Why are Finns anxious?   posted by Razib @ 8/27/2008 12:44:00 PM

An Association Analysis of Murine Anxiety Genes in Humans Implicates Novel Candidate Genes for Anxiety Disorders:
Specific alleles and haplotypes of six of the examined genes revealed some evidence for association (p ≤ .01). The most significant evidence for association with different anxiety disorder subtypes were: p = .0009 with ALAD (δ-aminolevulinate dehydratase) in social phobia, p = .009 with DYNLL2 (dynein light chain 2) in generalized anxiety disorder, and p = .004 with PSAP (prosaposin) in panic disorder.

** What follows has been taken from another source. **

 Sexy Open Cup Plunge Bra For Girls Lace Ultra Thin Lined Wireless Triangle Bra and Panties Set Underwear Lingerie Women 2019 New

Furthermore, the team's international collaborators in Spain and the United States are trying to replicate these findings in their anxiety disorder datasets to see whether the genes identified by Finnish scientists predispose to anxiety disorders in other populations as well. Only by replicating the results firm conclusions can be drawn about the role of these genes in the predisposition to anxiety in more general.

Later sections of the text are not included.